Галансков был поэт, поэт даровитый, хотя и не захваченный поэзией полностью. Но в общественной памяти он скорее останется как герой, а в истории литературы, культуры — этими вот обжигающими читателя письмами. Письмами человека твердого и лиричного, проницательного и простодушного, укорененного в лагерной повседневности и мечтающего о воле. “Веселая зима! И я ее переношу легче, чем осень, в смысле здоровья. С чего ты взяла, что я лежу? Я работаю. Шью по сто рукавиц в день, только дым идет из-под шапки моей машинки. И в конце работы выхожу в зиму, в снег, на мороз, дышу и быстро прохаживаюсь по тропинке в сугробах. Сегодня вечернее небо как грудь снегиря, говорят, что завтра будет морозно”.

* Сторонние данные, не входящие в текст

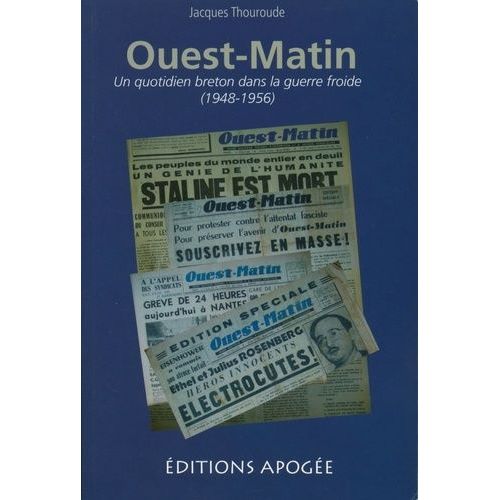 Ouest-Matin - Un Quotidien Breton Dans La Guerre Froide (1948-1956)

Теперь — через десятилетия — многое в письмах Галанскова не только драматично, но — трогательно. Кажется, Жемчужников когда-то писал: “В тарантасе, в телеге ли / Еду ночью из Брянска я. / Все о нем, все о Гегеле / Моя дума дворянская”. В применении к “русским мальчикам” эпохи застоя можно так переделать: “Все о нем, все о Гегеле / Моя дума зэковская”. Из письма в письмо Галансков просит вольняшек: шлите, шлите — и “Науку Логики”, и “Эстетику”, и просто “всего Гегеля” да заодно и “всего Канта”. Баснословные времена! Помню, в том же конце 60-х поэта Александра Величанского буквально трясло, когда он говорил про гегелевскую “Эстетику” (уж позабыл, правда, от чего: от восхищения или негодования).

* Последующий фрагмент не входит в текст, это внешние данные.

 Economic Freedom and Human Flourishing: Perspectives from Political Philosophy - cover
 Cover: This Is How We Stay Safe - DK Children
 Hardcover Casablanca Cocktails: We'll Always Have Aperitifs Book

Галансков жил мировыми проблемами и в этом плане даже опережал свое время. Мы-то в большинстве своем просто делили тогда мир на тоталитарный и свободный, а потому, даже будучи православными, были скорее “западники”. А Юрий вовсю уже думал о “формировании принципиально иного мировоззрения”, о “путях преодоления промышленной формы бытия и потребительско-коммерческой идеологии”. В этой связи будущую судьбу России он справедливо понимал не как для цивилизации периферийную и ученическую, но — судьбоносную.